GREECE
New institute to fund research and innovation
An initial sum of €240 million (US$265 million) will be made available to a newly created national institute that will fund research and innovation in Greece, and will support government efforts to pull the country out of prolonged recession and create new jobs.The aim of the Research and Innovation Institute will also be to create a secure and attractive financial environment for participating academic institutions, research centres, companies and scientists.
The European Investment Bank – with its long, steady and generous support for research – will make available 75% of the sum (€180 million) at an agreed very low interest rate which could be 0.7% to 0.8%, while the Greek state will contribute 25% (€60 million) from the Public Investment Programme.
“It is the first time that an effort has been made to create such an institution in the country,” stated Undersecretary of State for Education Kostas Fotakis when announcing the project.
It is "the first time that an independent, flexible and meritorious organisation has been set up which will offer high finance exclusively for research to companies and individuals according to international standards”.
The institute
The institute will be part of the public sector and will work in the public interest, but will operate as a private non-profit company.

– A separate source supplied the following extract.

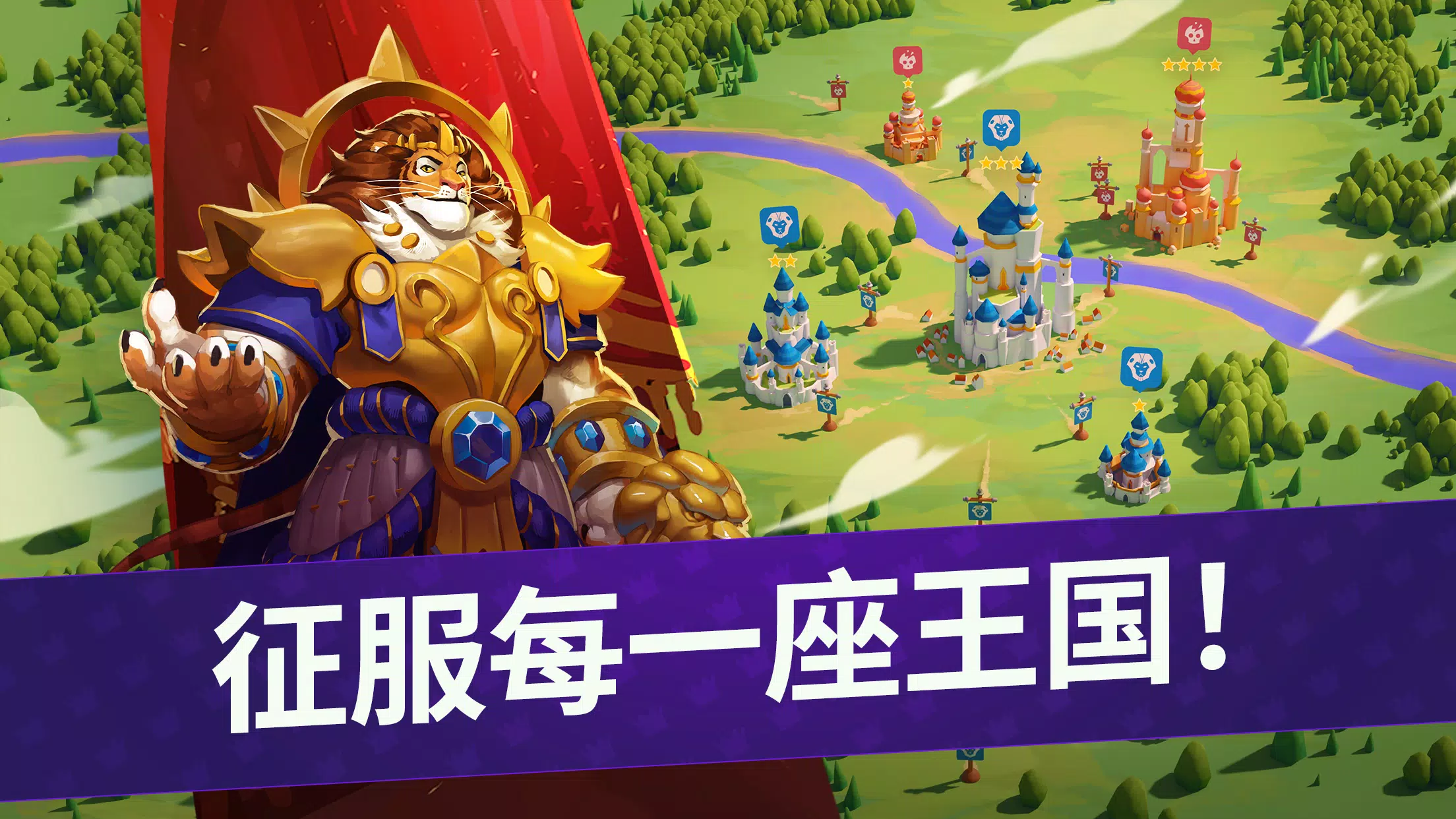 百万领主国际服图5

Lack of state interference or bureaucratic practices, it is believed, will enable the institute to be effective.
Its creation inaugurates a new commitment on the part of government towards greater support for research and innovation on the one hand, and rebuilding the country’s moribund economy on the other.
The institute’s management will be carried out by a general assembly, to which every participating institution will have the right to elect a regular member and a deputy. The general assembly will elect a scientific council made up of nine regular members – scientists of international status who will be responsible for the institute’s policy.
The Research and Innovation Institute’s mission, laid out in a new legislation by the Education Ministry, is to operate with independence, flexibility and accountability.
While it will operate within the provisions of a legal framework and internal rules, it will also enjoy management and financial freedom without bureaucratic interference and according to the principles and practices of a private sector company.
The proposed model, according to the Ministry of Education, is already working successfully in a number of other countries and ensures sufficient distance from political interference.
Submitted projects will be evaluated as soon as possible and certainly within three months, and every effort will be made to exclude them from additional management responsibility throughout the process, from submission to completion.
The institute’s activities will be open to public scrutiny and invitations, and allocations and expenses will be controlled, documented and substantiated at every stage while annual budgets will be compiled and supervised by certified accountants.
The period of the institute’s financing is initially for three years, but if the results go according to expectations, the possibility exists for a further three years and rolling three-year periods thereafter.
The institute’s funds will be used exclusively to finance research. Further financing for the exploitation of the results of research will be sought from other European or private funds.
Technological institutes excluded
A controversial point of the legislation establishing the institute is the exclusion of technological institutes from participating, although individual scientists attached to their teaching staff are not precluded from submitting projects.
The European Investment Bank claimed that these institutions do not currently meet the specifications for inclusion and “their academic results show lack of cohesion which will not facilitate the management of the institute in the present stage”.
The government claimed that the technological institutes are currently being assessed within a wider scheme for the creation of the unified higher education area.